What you should do - Write out, word for word and with no pictures, each line below from the one containing "Hello Windows Universe!" through the one containing "In today's lesson, I'm", both included, and no other line.

Records for the exercise -
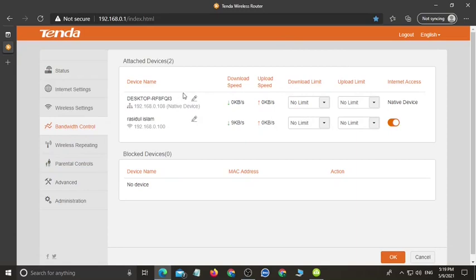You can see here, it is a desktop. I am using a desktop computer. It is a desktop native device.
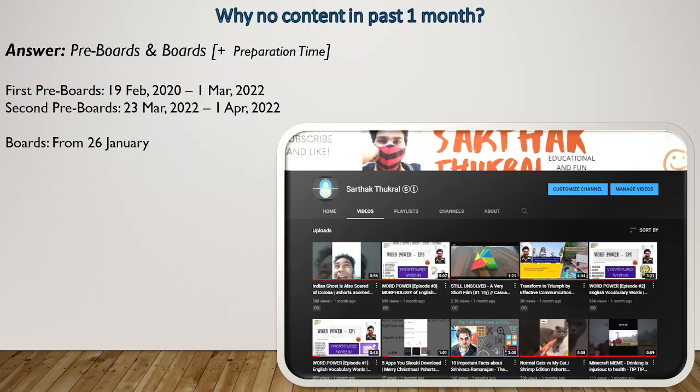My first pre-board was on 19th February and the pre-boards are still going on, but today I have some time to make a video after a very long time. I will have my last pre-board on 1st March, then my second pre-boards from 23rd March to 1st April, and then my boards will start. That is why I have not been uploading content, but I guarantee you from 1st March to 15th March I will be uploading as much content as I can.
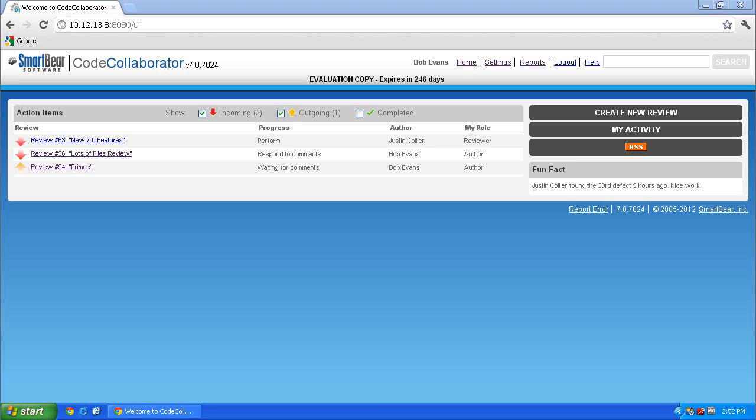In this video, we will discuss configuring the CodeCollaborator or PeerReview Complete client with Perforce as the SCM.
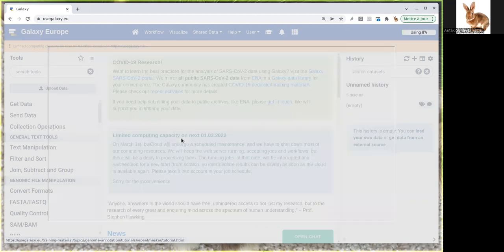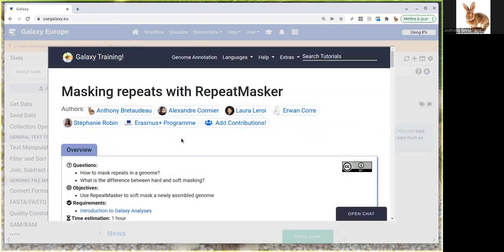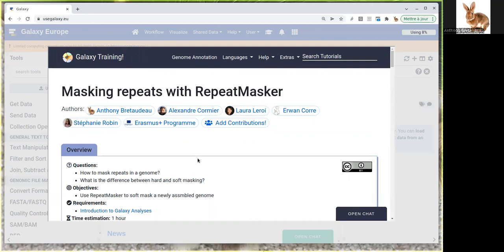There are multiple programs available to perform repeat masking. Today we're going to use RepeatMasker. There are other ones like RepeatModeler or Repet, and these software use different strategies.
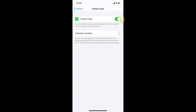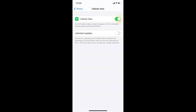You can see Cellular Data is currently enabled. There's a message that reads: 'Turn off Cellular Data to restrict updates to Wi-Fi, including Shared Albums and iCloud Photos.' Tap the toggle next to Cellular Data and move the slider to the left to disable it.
==
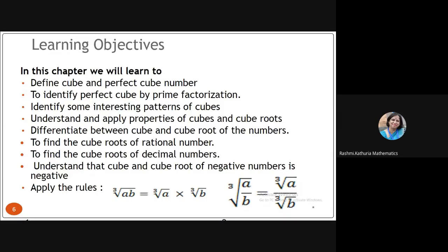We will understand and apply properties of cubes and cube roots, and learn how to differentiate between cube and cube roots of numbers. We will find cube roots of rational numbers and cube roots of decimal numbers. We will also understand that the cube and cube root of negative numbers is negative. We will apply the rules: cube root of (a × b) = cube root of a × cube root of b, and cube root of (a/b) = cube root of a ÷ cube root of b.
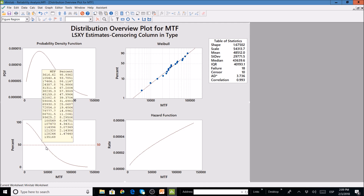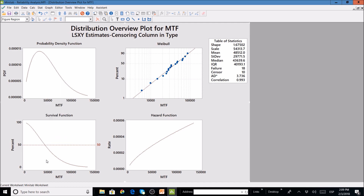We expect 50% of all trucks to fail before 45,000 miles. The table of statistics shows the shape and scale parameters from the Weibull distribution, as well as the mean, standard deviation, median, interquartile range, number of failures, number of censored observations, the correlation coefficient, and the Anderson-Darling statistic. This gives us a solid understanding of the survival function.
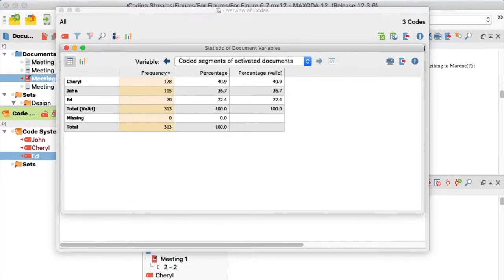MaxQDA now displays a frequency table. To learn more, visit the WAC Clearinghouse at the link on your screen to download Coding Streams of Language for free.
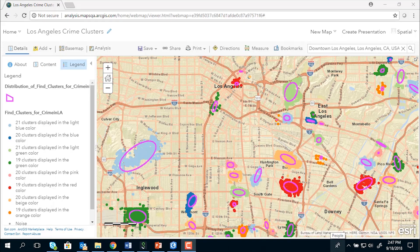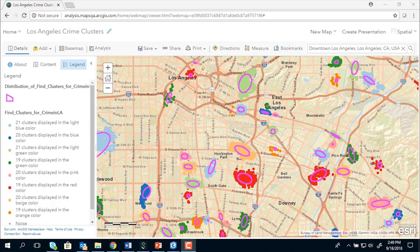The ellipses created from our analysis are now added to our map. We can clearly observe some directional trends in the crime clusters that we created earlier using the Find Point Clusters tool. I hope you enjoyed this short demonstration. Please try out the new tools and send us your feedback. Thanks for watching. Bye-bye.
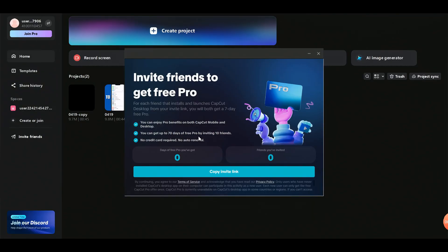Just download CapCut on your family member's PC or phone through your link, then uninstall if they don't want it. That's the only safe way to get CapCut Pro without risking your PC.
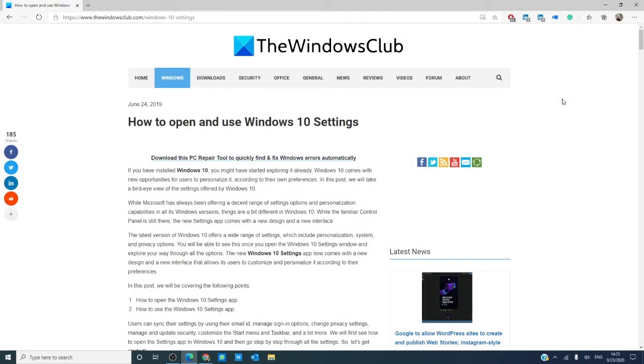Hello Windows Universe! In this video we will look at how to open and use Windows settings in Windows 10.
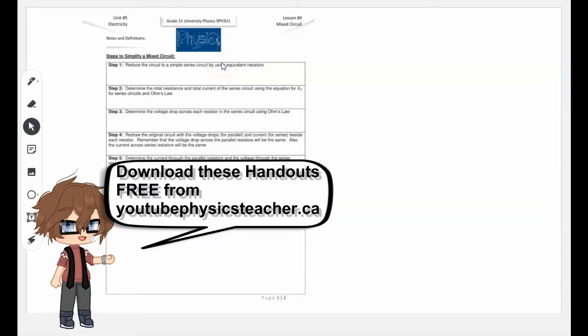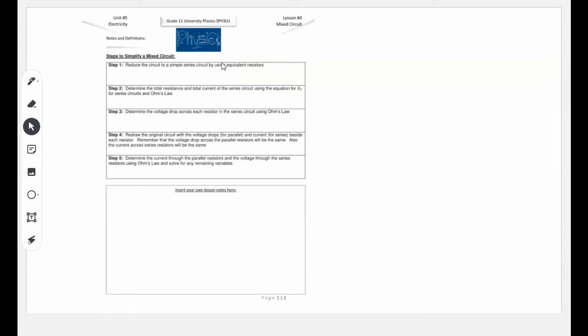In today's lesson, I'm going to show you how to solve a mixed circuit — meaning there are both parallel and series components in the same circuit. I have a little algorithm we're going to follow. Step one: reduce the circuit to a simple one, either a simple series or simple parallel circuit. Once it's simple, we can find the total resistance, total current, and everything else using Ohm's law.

Output of the exercise -
Hello Windows Universe! In this video we will look at how to open and use Windows settings in Windows 10.
In today's lesson, I'm going to show you how to solve a mixed circuit — meaning there are both parallel and series components in the same circuit. I have a little algorithm we're going to follow. Step one: reduce the circuit to a simple one, either a simple series or simple parallel circuit. Once it's simple, we can find the total resistance, total current, and everything else using Ohm's law.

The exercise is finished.